La doctrina de la confianza, fruto del redescubrimiento del Espíritu Santo en el Corazón de Cristo
De la doctrina de la inhabitación, Ramière concluye su doctrina de la confianza, que se basa en la docilidad y el abandono a las mociones del Espíritu Santo, que brota para nosotros del Corazón de Cristo. Ya no es nuestro propio espíritu el que debe encontrar y comprender los caminos para la restauración de la sociedad, basta que sea dócil a la acción del Espíritu Santo que quiere guiar a la Iglesia hacia esa plenitud.
En el Corazón de Cristo se nos muestra esa acción del Espíritu Santo, no sólo como modelo a imitar, como modelo que ilustra la inteligencia, sino como bien y belleza que enamoran al alma y la fortalecen para realizar el bien. Para Ramière, como para su coetánea, santa Teresita, la santidad y la respuesta apostólica al amor de Dios, nacen de la contemplación del Corazón de Cristo, en quien habita el Espíritu Santo, el mismo que habita en nosotros, y quiere impulsarnos a la santidad y al trabajo por la extensión de su Reino. Esta santidad no consiste en entenderlo todo, ni en hacer mil esfuerzos, sino en ser dócil a los impulsos del Espíritu, que podemos contemplar gozosamente en el Corazón de Cristo, como dice la Dilexit nos, en sus gestos, en sus palabras, en sus acciones. Viendo a la humanidad de Cristo, su Corazón, dejándose guiar gozosamente por el Espíritu Santo, nace en el cristiano el deseo de ser dócil a este Espíritu, que nos mueve al arrepentimiento, a la reparación por nuestros pecados, a la consagración de nuestra vida a Dios, a la misericordia con el hermano, a la entrega apostólica generosa y, de esta manera, nos capacita para colaborar con Cristo en un restablecimiento más pleno de su Reino.

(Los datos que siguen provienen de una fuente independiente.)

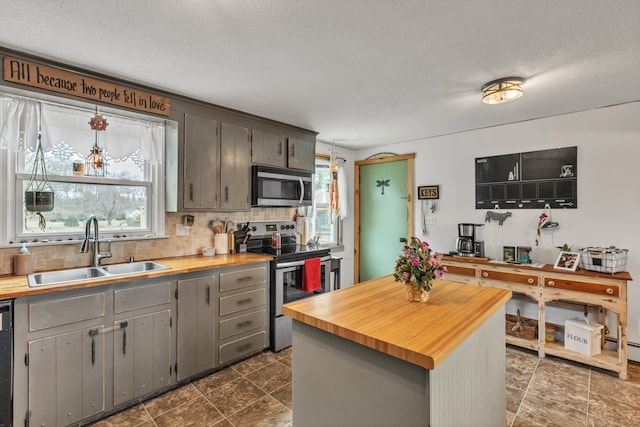 kitchen with decorative backsplash, appliances with stainless steel finishes, sink, gray cabinets, and butcher block counters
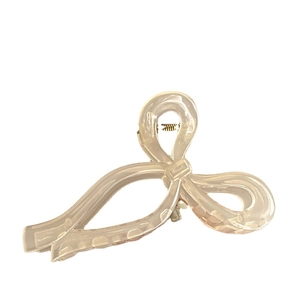 Elegant cream-colored oversized ribbon bow hair claw clip for high ponytail styling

De esta manera, Ramière, a las almas heridas de nuestro tiempo, en una época en la que la separación de la sociedad respecto a Dios produce personalidades heridas, que se desaniman al constatar sus limitaciones; o a las almas que se desaniman al constatar las extraordinarias dificultades a las que la Iglesia debe enfrentarse en nuestro tiempo, les hace recobrar el ánimo y les facilita el camino, pues el principio de la santidad no está en nuestra propia inteligencia o el propio obrar, sino en un principio que nos es regalado misericordiosamente, el Espíritu Santo, que se comunica a quien va a su fuente, el Corazón de Cristo, y que solo nos pide un abandono sencillo y confiado a su acción.